>>

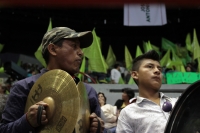 Jueves 14 de diciembre del 2017. Tuxtla Gutiérrez. José Antonio Meade, pre candidato a la Presidencia de México por el PRI-PVEM-PANAL en la próxima jornada electoral del 2018 durante su reunión con militantes priistas y verdes del estado de Chiapas e
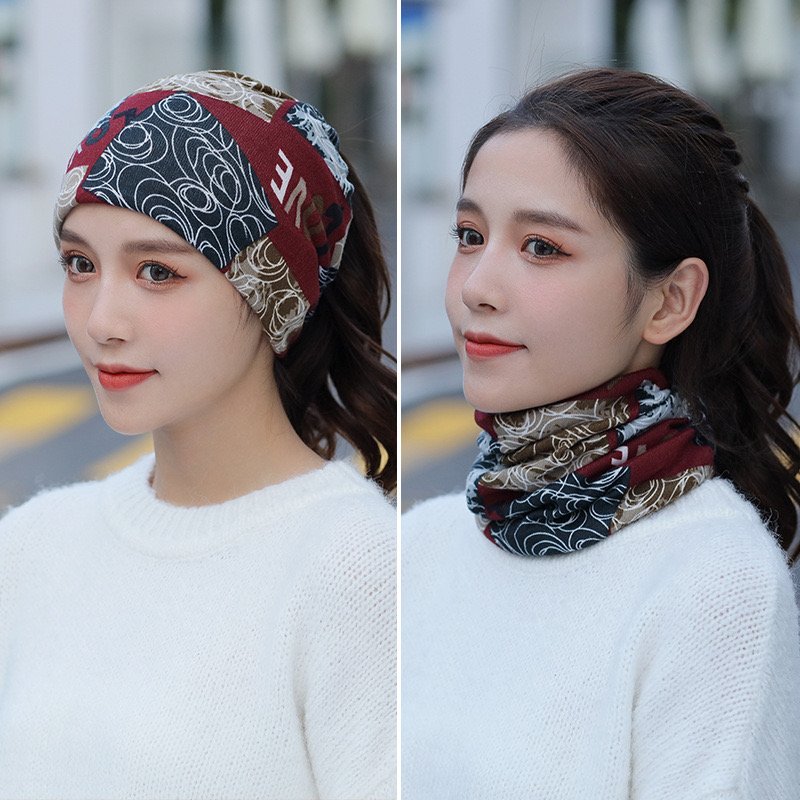 New 2024, warm and velvet winter turban-free, masked hood guy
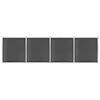 Image de vidaXL Ensemble de panneau de clôture WPC 699x186 cm Noir3070431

<<

### What to do:
Leave out the pictures, and retype exactly the lines from the one containing "New 2024, warm" through the last line of the data above, no more and no less.

### Answer section:
 New 2024, warm and velvet winter turban-free, masked hood guy
 Image de vidaXL Ensemble de panneau de clôture WPC 699x186 cm Noir3070431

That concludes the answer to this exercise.